Das Dilemma ist nachvollziehbar, resultiert aber aus der grundsätzlichen Uneinigkeit in der Regierung, wie unter Einhaltung der Schuldenbremse in ihrer jetzigen Form die vielen notwendigen Klimainvestitionen gestemmt werden sollen. Aus dieser Uneinigkeit mit der FDP erklärt sich auch, warum der grüne Vize-Kanzler Habeck bisher öffentlich keinen Druck gemacht hat in dieser Frage. Auch in der SPD, deren Kanzler keinesfalls mit der FDP über die Schuldenbremse streiten mag, hat man im Zweifel andere Prioritäten. Der Verzicht aufs Klimageld ist schlicht der billigste Weg zur Umgehung dieses über allem schwebenden Streitthemas. Doch er kommt die Regierung teuer zu stehen. Nicht nur die wachsenden Zustimmungsraten zur AfD zeigen, wie sehr in der Breite der Gesellschaft die Akzeptanz für Klimaschutzmaßnahmen sinkt.
Es droht die Rückabwicklung
Die Klimaschutzpolitik der Ampel ist in ihrer bisherigen Form schlicht unsozial - und widersinnig.

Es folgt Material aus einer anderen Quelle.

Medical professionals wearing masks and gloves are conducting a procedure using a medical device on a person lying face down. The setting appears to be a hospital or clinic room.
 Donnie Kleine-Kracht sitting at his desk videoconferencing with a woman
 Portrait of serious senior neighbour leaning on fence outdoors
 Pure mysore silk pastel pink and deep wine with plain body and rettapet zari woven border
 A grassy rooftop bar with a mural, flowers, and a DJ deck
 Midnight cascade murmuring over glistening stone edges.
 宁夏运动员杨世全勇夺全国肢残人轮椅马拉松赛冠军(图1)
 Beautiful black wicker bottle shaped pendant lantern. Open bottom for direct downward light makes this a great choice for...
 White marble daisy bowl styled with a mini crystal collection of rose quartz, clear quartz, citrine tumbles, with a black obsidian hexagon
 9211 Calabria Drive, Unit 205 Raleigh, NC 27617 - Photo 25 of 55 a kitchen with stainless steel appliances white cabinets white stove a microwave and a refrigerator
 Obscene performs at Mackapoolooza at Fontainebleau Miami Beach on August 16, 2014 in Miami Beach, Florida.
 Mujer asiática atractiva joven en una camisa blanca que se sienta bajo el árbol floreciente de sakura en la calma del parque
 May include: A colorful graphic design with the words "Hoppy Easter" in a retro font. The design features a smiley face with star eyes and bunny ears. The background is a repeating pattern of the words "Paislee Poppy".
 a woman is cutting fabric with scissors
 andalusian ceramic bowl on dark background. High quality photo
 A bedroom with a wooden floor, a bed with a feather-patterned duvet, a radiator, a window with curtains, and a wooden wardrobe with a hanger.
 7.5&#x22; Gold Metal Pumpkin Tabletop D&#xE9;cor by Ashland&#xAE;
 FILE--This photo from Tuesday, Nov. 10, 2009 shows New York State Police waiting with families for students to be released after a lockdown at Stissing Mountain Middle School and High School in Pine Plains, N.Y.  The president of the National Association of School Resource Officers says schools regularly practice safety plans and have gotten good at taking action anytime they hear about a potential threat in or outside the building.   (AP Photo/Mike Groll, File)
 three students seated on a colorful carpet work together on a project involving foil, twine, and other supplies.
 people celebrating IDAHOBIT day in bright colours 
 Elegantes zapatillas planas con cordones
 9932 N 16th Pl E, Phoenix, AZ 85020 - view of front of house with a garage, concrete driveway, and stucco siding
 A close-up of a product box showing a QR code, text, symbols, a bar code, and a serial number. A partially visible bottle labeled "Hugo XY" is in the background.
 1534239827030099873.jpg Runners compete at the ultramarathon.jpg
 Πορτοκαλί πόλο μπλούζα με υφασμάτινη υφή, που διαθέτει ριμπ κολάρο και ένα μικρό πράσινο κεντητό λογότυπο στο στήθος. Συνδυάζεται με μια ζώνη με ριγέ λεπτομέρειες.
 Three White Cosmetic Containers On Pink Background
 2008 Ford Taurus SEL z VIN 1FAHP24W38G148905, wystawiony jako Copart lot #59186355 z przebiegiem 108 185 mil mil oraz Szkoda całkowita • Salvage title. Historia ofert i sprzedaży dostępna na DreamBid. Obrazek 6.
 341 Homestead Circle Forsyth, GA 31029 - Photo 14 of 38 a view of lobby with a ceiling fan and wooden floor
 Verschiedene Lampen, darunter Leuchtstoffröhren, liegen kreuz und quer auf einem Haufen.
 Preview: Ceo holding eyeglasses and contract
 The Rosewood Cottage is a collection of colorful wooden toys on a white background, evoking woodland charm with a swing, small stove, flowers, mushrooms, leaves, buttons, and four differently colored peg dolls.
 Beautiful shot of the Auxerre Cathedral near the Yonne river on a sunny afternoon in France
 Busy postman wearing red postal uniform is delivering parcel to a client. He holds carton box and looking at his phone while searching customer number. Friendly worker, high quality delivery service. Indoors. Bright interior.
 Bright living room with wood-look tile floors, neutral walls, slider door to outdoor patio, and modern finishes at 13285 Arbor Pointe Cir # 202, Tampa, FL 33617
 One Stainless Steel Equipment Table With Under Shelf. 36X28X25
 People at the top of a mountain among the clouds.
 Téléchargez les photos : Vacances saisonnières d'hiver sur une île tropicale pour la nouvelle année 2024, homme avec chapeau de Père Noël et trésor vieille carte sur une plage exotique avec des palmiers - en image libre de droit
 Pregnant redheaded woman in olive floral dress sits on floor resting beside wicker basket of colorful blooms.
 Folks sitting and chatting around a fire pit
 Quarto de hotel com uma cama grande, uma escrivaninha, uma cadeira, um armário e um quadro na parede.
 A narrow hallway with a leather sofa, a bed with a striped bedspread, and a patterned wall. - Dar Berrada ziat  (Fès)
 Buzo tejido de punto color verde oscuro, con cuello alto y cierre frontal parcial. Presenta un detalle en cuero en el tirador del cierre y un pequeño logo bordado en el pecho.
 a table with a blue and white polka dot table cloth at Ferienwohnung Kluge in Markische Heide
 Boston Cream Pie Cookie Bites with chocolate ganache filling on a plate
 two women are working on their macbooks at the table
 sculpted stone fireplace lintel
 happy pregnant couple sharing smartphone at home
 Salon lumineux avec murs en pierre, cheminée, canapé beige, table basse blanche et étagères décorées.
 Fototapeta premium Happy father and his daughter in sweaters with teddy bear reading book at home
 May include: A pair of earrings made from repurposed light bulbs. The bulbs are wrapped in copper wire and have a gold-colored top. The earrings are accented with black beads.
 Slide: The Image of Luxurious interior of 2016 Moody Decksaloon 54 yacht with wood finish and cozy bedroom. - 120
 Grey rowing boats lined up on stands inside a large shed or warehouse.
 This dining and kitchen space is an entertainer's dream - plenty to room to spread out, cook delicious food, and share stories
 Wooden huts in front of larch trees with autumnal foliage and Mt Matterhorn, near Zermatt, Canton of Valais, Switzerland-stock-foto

Einerseits schraubt sie die Preise über CO2-Bepreisung hoch, um fossile Energien auszubremsen. Andererseits streicht sie die EEG-Umlage oder hebt Milliarden-teure Subventionen wie die Energiepreis- und Benzinpreisbremse aus der Taufe, und auch der CO2-Preispfad war zwischenzeitlich ausgesetzt. Solche Maßnahmen haben keinerlei Lenkungswirkung und helfen vor allem denjenigen, die viel verbrauchen.
Sozial gerecht wäre es dagegen, ausschließlich einen Sockelverbrauch erschwinglich zu halten - gerade für diejenigen, die nicht von heute auf morgen auf ein Elektroauto wechseln oder eine Solaranlage installieren können. Alle anderen sollten sich solche Maßnahmen überlegen oder ihren Verbrauch einschränken. Auch darüber wird kaum jemand "Hurra!" schreien, doch zumindest würden über das Klimageld die Lasten der Energiewende vor allem den starken Schultern auferlegt. Ohne dieses Mindestmaß an Klimagerechtigkeit droht dagegen mittelfristig sogar eine Rückabwicklung der nicht wenigen Erfolge im Klimaschutz. Dann nämlich, wenn dessen notorische Gegner das Ruder übernehmen.